Dediol v. Best Chevrolet Inc., No. 10-30767 (5th Cir. Sept. 12, 2011)

| Sep 12, 2011 | Daily Developments in EEO Law |

One of the most memorable hostile-work-environment facts encountered in a recent published federal opinion: The manager – who has a history of physically threatening the plaintiff – rips off his shirt at work and tells the employee, “You don’t know who you are talking to. See these scars. I was shot and was in jail.” The Fifth Circuit reverses summary judgment in an ADEA and Title VII harassment case.
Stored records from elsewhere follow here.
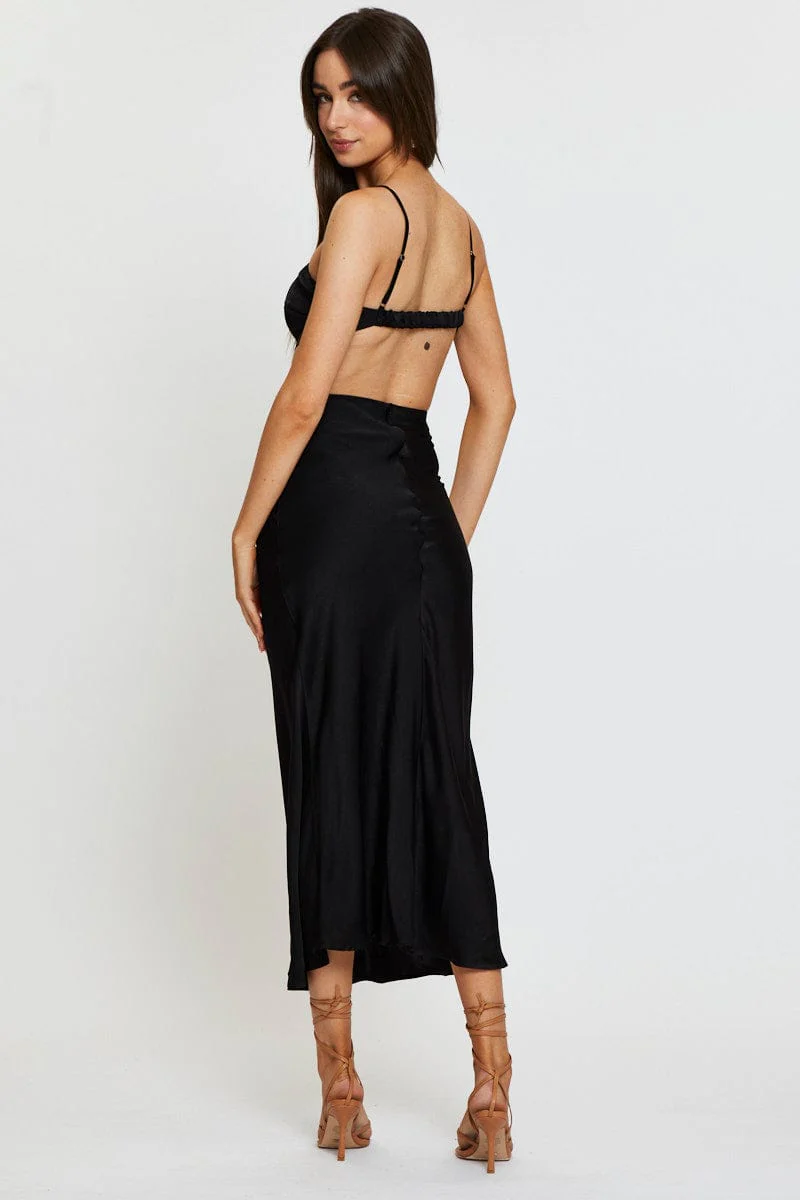 Black Midi Dress Satin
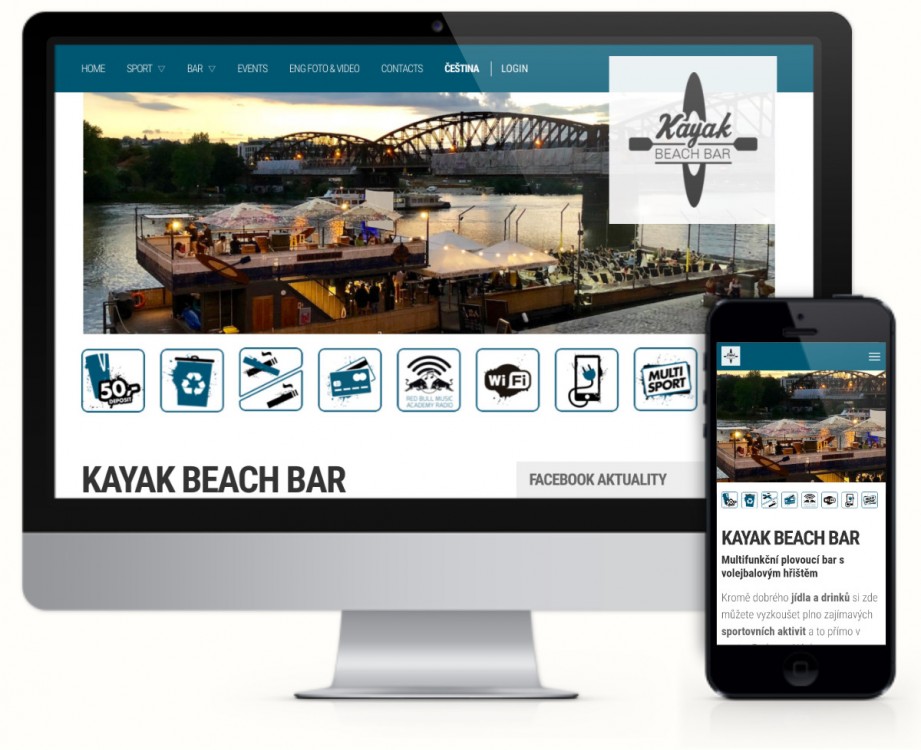 Web pro Kayak Beach Bar | multifunkční plovoucí bar s hřištěm v Praze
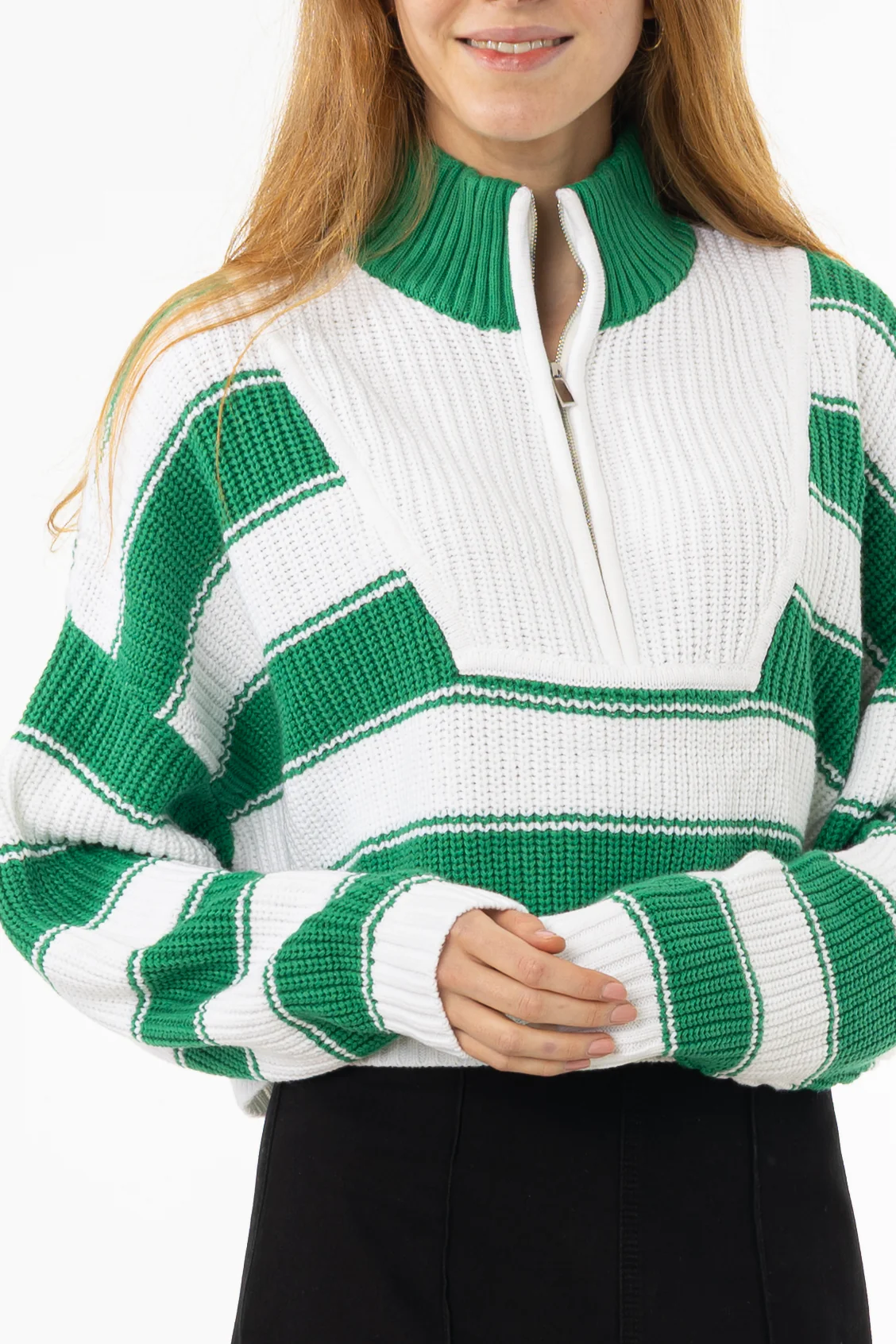Green Striped Quarter Zip Sweater Top - Image 2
Dediol v. Best Chevrolet Inc., No. 10-30767 (5th Cir. Sept. 12, 2011): We don’t see a lot of published appellate decisions about hostile work environment based on an employee’s age or religion, but here we have a two-fer: the Fifth Circuit holds for the first time that it will recognize ADEA harassment claims, and concludes that the facts were egregious enough to support not only a claim for age (and Title VII religion) harassment, but constructive discharge to boot.

Dediol, a Christian aged 65, alleged that the used car sales manager (named Clay) routinely threatened and cursed at him in the workplace. By way of example:

1.  When Dediol sought July 4, 2007 off to volunteer at a church-related event, Dediol alleges that Clay told him, “You old mother******, you are not going over there tomorrow” and “if you go over there, [I’ll] fire your f*****g ass.”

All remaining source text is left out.